Following the protests and riot in Washington, DC, Chancellor DiStefano again criticized Professor Eastman for his public statements but stopped short of firing Eastman for his remarks: Expressions that the majority of students and faculty at the University of Colorado, Boulder regarded as advocating conspiracy theories. They demanded that the Chancellor fire Eastman for his inflammatory public statements.
Even though not firing Eastman at that time but later virtually firing him by silencing his voice on or off campus, Chancellor DiStefano spoke harshly against the conservative Constitutional scholar and said, “His (Eastman’s) continued advocacy of conspiracy theories is repugnant, and he will bear the shame of his role in undermining confidence in the rule of law.”

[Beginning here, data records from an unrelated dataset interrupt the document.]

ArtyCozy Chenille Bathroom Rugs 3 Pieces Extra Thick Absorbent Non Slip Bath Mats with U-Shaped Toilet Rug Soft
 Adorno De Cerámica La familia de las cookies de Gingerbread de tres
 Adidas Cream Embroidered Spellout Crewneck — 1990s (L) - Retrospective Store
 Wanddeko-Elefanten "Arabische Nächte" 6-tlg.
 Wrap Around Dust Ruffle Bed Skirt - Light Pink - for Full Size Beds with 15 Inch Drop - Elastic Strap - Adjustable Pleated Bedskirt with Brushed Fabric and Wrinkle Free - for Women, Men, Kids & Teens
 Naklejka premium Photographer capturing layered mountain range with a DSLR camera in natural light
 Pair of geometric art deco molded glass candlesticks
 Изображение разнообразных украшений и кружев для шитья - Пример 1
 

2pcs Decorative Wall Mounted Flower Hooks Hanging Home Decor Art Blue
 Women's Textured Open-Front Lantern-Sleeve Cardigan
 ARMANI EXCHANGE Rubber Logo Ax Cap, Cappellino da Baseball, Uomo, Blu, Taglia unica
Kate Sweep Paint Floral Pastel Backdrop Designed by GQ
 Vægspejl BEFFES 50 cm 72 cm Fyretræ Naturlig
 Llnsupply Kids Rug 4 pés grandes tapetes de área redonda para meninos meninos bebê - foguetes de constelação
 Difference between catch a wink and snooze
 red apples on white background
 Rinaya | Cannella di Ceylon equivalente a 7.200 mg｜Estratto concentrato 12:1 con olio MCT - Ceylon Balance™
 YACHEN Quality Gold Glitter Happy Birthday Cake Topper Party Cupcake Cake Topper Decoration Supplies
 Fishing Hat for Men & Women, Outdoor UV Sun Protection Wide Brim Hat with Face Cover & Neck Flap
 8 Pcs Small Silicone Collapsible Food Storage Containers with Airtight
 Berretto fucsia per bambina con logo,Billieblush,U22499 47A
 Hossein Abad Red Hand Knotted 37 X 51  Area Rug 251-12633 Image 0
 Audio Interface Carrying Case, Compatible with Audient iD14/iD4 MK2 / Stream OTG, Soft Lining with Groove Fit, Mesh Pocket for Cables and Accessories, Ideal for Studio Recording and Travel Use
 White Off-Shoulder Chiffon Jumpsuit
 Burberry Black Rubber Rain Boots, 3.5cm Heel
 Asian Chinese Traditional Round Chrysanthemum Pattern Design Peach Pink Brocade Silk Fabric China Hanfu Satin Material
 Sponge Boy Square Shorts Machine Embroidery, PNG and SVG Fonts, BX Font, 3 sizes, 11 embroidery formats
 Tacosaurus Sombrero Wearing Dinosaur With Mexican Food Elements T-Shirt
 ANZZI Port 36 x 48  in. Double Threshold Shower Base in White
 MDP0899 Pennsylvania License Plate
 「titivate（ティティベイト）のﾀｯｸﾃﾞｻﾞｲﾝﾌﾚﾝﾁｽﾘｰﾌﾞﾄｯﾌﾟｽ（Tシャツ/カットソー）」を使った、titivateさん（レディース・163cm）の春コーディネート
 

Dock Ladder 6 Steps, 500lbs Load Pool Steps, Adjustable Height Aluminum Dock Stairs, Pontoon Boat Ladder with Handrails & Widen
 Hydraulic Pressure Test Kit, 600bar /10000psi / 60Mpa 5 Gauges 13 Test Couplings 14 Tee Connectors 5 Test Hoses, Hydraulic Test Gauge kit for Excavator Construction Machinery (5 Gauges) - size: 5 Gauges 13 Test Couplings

These two instances serve as examples of the government Controlling the Narrative to support the ideals of the ruling agenda. If anyone raises a voice or publishes words against them, they punish and ridicule those voices of dissent.
In India, police shot and killed a protester who spoke in dissent of the government while on the same day the government celebrated its “democracy.” The Indian media published the official statement that the protester, twenty-five-year-old farmer, Navreet Singh, had died during the protest because of a so-called, “tractor accident.”
Tyrants and dictators control the narrative and quash dissent, either with a bullet shot from a policeman’s gun or by gagging the outspoken voice while he or she suffers through powerful ridicule and shame hurled by the minions of that tyrant who sit in positions of power and control the public narrative with it, serving the national agenda.
For tyrants, the press is the handmaiden of government. Free speech represents the narrative supporting the agenda that they control.